▸ **DIRECTIONS**
From the listing below, copy only the lines from the line that contains "Background Shower Curtains" to the line that contains "Custom Wedding Anniversary", counting those two lines as part of the copy.

▸ **RECORDS SUPPLIED**
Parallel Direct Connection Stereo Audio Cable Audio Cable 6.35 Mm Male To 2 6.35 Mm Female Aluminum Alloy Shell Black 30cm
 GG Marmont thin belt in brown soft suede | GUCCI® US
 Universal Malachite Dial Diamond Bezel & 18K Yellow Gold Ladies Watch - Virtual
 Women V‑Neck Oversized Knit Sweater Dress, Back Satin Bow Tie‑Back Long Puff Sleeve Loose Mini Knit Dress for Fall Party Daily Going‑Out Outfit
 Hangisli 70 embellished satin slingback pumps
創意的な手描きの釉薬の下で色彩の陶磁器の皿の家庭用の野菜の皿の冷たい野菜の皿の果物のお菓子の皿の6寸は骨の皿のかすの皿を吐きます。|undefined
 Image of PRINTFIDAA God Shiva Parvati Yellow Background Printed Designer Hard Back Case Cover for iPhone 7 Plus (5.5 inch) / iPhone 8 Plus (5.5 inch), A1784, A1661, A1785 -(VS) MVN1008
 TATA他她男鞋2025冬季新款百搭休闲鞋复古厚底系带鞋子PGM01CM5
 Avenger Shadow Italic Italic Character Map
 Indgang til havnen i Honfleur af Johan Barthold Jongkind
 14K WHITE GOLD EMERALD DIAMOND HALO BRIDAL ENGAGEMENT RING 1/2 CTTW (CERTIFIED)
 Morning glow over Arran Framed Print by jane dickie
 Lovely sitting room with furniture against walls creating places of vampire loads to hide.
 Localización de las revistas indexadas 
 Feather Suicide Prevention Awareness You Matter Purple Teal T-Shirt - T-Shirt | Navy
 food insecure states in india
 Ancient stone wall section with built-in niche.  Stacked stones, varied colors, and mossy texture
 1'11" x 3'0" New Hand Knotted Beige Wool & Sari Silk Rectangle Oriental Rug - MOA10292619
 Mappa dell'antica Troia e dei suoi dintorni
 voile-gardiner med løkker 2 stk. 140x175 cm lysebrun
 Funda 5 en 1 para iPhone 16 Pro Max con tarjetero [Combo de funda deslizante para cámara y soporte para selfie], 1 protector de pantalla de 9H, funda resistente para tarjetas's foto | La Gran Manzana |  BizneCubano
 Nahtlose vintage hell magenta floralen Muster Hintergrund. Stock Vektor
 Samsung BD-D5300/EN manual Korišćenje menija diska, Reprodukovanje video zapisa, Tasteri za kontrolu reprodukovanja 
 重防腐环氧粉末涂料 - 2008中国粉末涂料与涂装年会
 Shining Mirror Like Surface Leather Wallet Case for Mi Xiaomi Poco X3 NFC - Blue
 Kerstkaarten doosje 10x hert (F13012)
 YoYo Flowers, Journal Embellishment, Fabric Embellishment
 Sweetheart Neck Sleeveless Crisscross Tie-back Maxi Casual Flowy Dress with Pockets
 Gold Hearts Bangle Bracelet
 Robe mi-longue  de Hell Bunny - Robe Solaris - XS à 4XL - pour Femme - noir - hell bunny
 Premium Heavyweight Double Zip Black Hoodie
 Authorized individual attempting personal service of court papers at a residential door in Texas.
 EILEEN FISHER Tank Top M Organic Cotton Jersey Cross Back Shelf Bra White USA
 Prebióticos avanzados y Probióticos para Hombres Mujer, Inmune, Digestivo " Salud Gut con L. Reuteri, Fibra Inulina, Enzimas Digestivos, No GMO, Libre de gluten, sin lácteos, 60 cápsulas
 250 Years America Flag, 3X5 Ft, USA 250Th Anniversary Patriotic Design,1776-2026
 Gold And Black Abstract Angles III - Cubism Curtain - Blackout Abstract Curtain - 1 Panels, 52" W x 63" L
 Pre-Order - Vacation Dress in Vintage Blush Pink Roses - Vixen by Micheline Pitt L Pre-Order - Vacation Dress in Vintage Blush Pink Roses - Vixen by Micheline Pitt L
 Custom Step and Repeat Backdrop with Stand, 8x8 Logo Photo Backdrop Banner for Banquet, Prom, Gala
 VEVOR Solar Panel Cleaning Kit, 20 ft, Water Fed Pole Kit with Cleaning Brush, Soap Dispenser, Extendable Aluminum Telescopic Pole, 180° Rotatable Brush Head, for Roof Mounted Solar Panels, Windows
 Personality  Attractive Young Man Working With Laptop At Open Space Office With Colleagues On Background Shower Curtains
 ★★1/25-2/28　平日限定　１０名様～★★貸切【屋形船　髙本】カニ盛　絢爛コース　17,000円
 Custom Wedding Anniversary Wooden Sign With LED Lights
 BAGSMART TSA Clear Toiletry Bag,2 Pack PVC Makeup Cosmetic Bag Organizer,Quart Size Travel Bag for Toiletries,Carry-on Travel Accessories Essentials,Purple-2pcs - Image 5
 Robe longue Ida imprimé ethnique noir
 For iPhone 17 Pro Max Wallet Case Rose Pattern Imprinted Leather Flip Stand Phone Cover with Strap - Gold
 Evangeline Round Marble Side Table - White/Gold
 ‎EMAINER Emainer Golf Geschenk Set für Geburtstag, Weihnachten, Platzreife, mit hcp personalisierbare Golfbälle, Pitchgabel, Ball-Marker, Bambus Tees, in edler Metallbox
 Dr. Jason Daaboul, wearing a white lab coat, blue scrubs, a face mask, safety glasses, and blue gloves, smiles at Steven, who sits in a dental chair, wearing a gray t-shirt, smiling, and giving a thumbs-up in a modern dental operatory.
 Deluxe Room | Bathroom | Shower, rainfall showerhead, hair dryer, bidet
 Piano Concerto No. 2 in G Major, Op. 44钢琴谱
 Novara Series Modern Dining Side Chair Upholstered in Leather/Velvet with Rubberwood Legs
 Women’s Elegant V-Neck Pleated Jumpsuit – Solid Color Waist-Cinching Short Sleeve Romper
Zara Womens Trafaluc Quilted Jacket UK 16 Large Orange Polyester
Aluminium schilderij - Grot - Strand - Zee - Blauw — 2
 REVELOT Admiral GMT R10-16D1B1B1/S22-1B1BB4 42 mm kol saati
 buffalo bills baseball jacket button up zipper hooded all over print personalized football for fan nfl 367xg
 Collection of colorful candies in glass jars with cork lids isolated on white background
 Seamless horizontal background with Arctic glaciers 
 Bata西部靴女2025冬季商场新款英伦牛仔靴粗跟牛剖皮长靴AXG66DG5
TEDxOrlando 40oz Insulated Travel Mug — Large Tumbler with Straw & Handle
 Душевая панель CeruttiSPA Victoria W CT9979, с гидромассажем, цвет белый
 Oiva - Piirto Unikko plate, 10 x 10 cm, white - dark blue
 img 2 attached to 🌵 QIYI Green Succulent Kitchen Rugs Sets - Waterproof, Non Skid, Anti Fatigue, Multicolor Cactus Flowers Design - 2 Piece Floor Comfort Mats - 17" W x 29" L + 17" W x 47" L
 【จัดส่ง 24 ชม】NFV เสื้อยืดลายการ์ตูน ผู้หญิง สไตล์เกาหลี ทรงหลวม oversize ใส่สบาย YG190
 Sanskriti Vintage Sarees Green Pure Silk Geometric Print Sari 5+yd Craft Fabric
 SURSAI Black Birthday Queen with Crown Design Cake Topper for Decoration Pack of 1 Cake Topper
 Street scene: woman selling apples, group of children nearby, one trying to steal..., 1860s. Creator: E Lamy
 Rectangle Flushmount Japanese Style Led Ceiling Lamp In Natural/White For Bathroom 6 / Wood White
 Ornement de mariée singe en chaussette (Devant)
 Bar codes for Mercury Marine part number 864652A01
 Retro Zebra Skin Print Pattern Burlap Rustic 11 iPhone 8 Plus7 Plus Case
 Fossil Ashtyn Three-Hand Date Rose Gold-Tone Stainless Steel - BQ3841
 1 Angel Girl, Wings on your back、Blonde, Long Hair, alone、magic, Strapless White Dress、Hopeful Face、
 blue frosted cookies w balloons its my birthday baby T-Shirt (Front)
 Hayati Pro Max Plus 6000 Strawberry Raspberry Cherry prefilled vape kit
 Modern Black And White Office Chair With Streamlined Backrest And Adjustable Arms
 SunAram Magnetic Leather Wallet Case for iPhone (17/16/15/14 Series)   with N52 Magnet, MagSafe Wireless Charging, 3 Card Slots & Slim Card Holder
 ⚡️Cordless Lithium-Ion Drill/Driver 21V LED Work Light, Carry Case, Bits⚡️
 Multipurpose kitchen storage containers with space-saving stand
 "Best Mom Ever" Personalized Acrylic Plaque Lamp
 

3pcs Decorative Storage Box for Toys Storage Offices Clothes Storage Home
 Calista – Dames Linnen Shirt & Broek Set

▸ **WRITTEN REPLY**
 Personality  Attractive Young Man Working With Laptop At Open Space Office With Colleagues On Background Shower Curtains
 ★★1/25-2/28　平日限定　１０名様～★★貸切【屋形船　髙本】カニ盛　絢爛コース　17,000円
 Custom Wedding Anniversary Wooden Sign With LED Lights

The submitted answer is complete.